The Boston Globe has an editorial in the Sunday paper today about the cost of buying a home, and how it’s expensive. At least, expensive, in their opinion. They use data presented by the Center for Housing Policy, a Washington DC think-tank.
However, as is often the case with those with an agenda, they are selective in the data they use, in order to make their point. And, their point is, people can’t afford to buy a home.
If you do an in-depth analysis of the data, however, you’ll find great big holes in their argument.
Experts recommend that your housing expense be less than 30% of your gross income. If a nurse working in downtown Boston makes the median annual income of $61,000 and the median cost of a home in Boston is $335,000, the Globe says, it follows that a nurse cannot afford to buy a home.
Maybe a single person making $61,000 couldn’t afford a two-bedroom home in Back Bay, but is it possible that a single person making $61,000 could find a one-bedroom condo to live in, somewhere else, within their price range? They don’t say. They use gross generalities to make their point.
There are more holes in their argument.
Everyone always talks about how the cost of housing shouldn’t be more than 30% of your income. Good enough. But you should analyze your actual (real) cost of housing.
Here’s an example: If you buy a $335,000 home, and put down 10%, or $33,500, you’d be getting a $300,000 mortgage (I’m rounding).
Your $300,000 mortgage would run you about $1,800 at today’s fixed-rate 30-year jumbo mortgage loan rate of 6%. Add to that your property tax ($300 per month) and your condo fee (if you’re buying a condo) of $200 (should be less) and you’re at $2,300. However, you need to reduce your annual housing cost by the very generous tax deduction for interest paid on your mortgage (you’d pay about $17,880 in interest, in the first year), which could be about $4,800, or $400 per month. You also get a resident exemption on your Boston property taxes, of about $1,200 each year, or $100 per month. Therefore, your monthly housing cost is back to about $1,800.
That’s 36% of your monthly income. Not 30%, of course, but not too bad.

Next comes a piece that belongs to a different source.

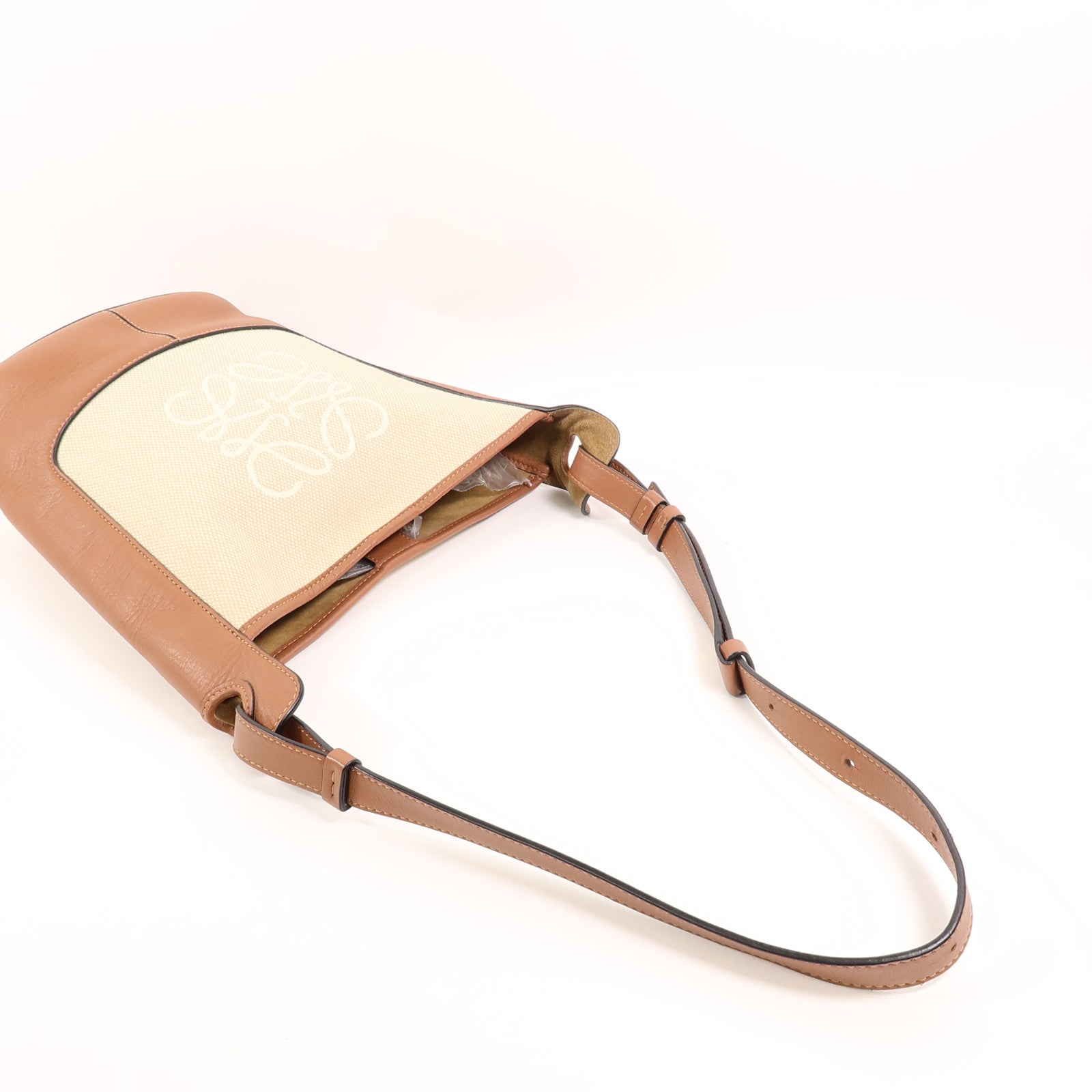 LOEWE 帆布/牛皮皮革Anagram Hobo Bucket Bag肩背袋
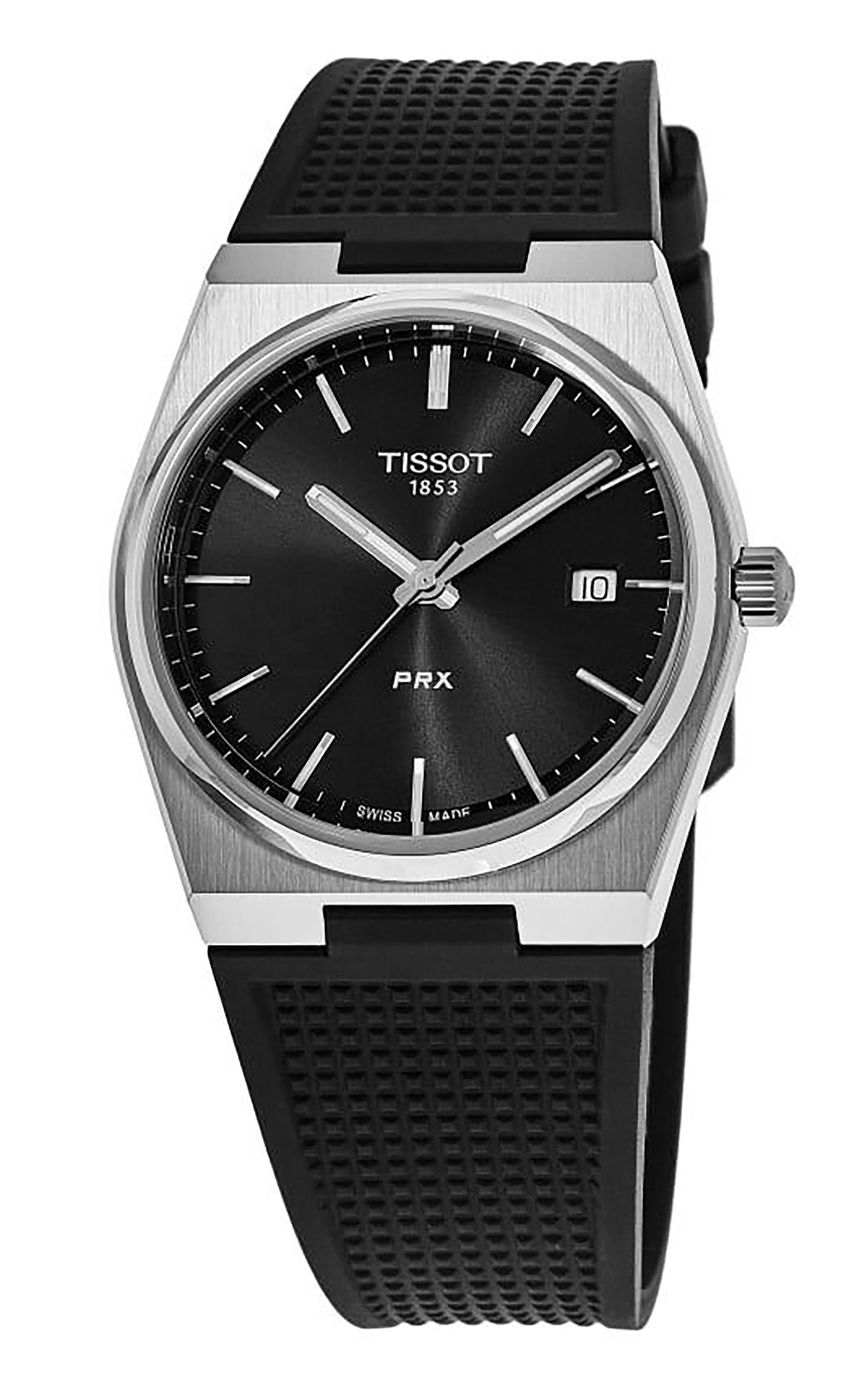 Tissot T-Classic PRX Rubber Strap Black Dial Quartz T137.410.17.051.00 100M Mens Watch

Now, of course, that’s a single person making the median income, buying a median priced home, not a single person buying a median priced one-bedroom condo in an outer-neighborhood of Boston (JP, Roslindale, West Roxbury, Dorchester, Roxbury, South Boston, Allston, or Brighton), which might be considerably less.

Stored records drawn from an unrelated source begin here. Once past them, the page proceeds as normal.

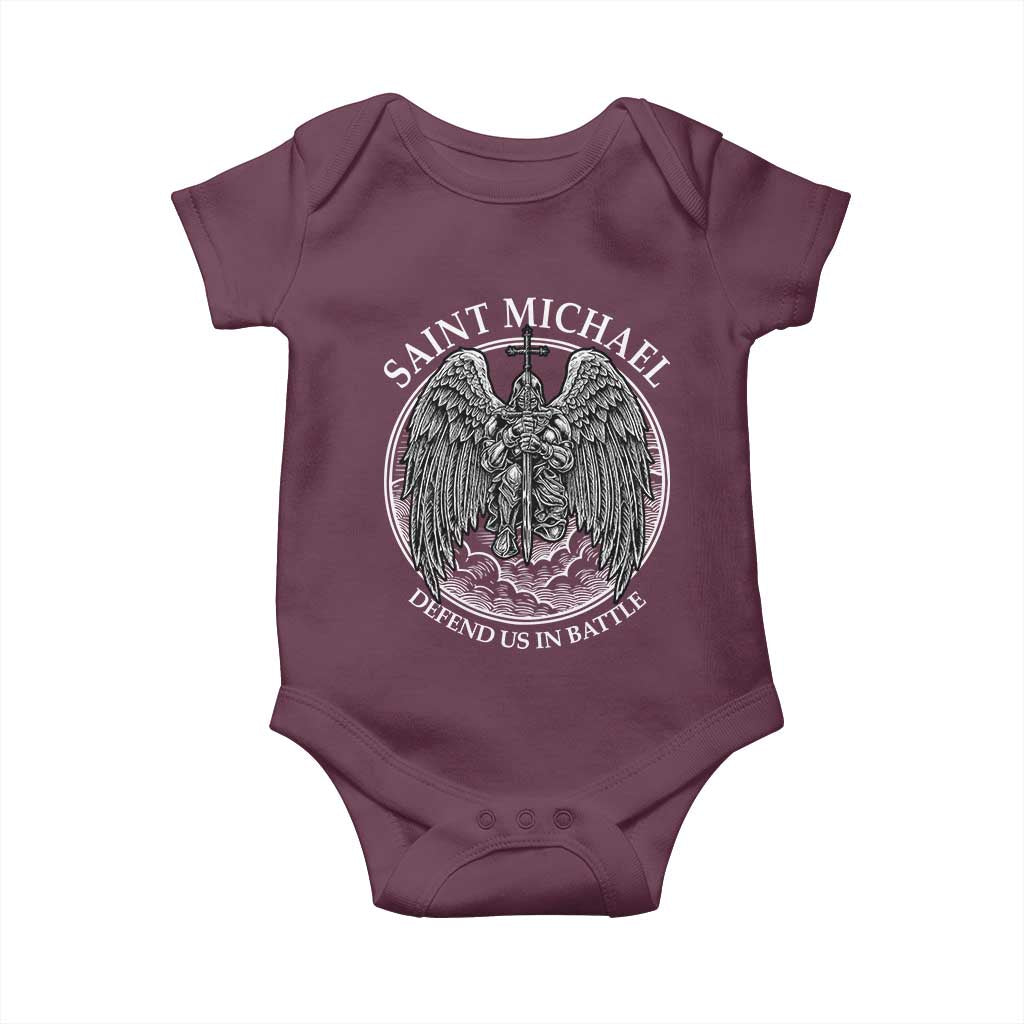 Saint Michael The Archangel Baby Onesie Defend Us In Battle Christian Faith TS12 Maroon Print Your Wear
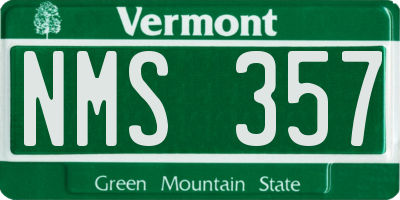 VT license plate NMS357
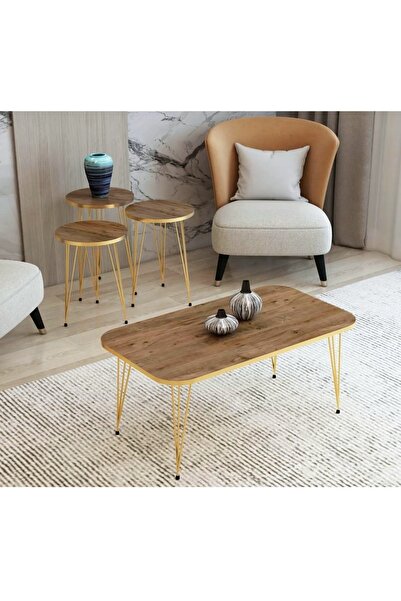 Genel Markalar Mobigoom Zigon Sehpa Ve Orta Sehpa Kr Set Gold Ceviz Tel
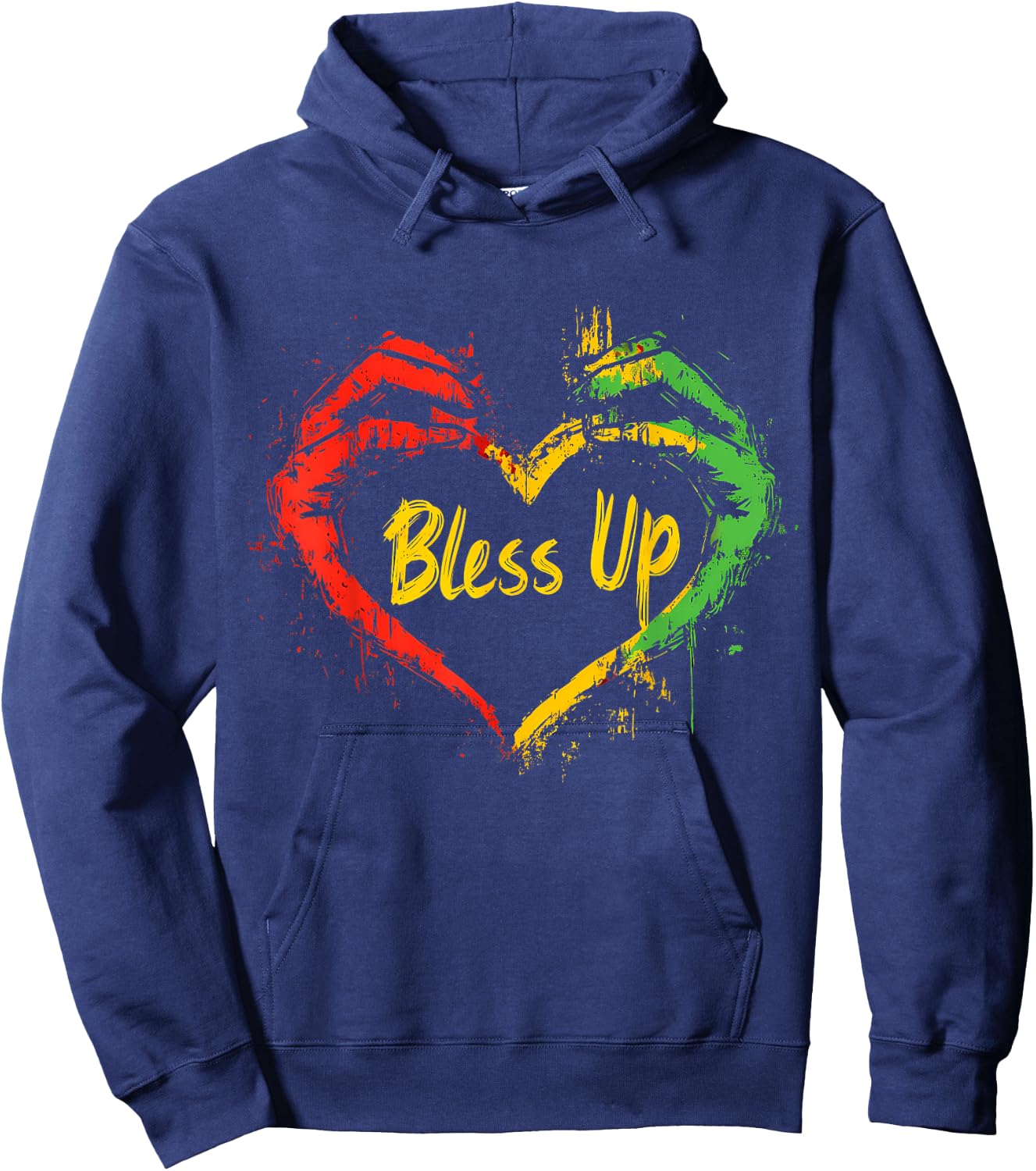 Rasta Reggae Music Jah Bless Up Hand Heart Rastafari Hoodie - Hoodie | Navy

Another hole is, it’s one thing to say home prices have risen by 20% from 2003 to 2005, while incomes have stagnated, but you also need to include in your comparison the interest rates during that time period.
For example: Today’s $336,000 home would have cost $280,000 in 2003 (if you use their 20% increase figure).
Using bankrate.com’s historical rate chart, I see that the average national rate of a 30-year fixed mortgage loan was 6% in 2003 (I used the jumbo rate in my earlier example, because I forgot you don’t need a jumbo rate). The chart says the average national rate of a 30-year fixed mortgage loan now is 5.4%.
Suppose that, three years ago, a nurse was making $55,000. The nurse would need to spend $280,000 to buy the median-priced home. This means, with 10% down, his/her loan payment would be $1,510 per month. Today, based on a 3% salary increase for each of the past three years, the same nurse would be making $59,500, and would need to spend $335,000 to buy the median-priced home. This means, with 10% down, his/her loan payment would be $1,693 per month.
The nurse would be paying $183 per month more in mortgage loan payments in order to purchase the same home, three years later.
However, the nurse is grossing $375 more, per month.
Therefore, today, the nurse is spending LESS per month on housing, than three years ago – $192 less, per month.
In my opinion, anyone of any means can afford to buy a place to live, somewhere in the City.
Boston Globe Editorial
Got money? That’s the increasingly pressing question facing Americans who want to buy homes. Median housing prices have risen 20 percent nationally from 2003 to 2005, but salaries are lagging, according to research from the Center for Housing Policy, a nonprofit organization in Washington.
The center puts human faces on the problem by comparing earnings in 63 occupations with median housing costs in 183 metropolitan areas. A website creates graphs that show who can afford what, assuming people spend 30 percent of their income on housing.
For example, the median income of registered nurses living in Boston is just over $61,000. But to afford a house in Boston, where the median price is $335,000, a nurse would have to earn $112,581.
One solution is to add another income by getting married — to someone earning about $52,000. But based on median salaries, this could mean refusing to wed a number of workers, including police officers, accountants, carpenters, electricians, and plumbers.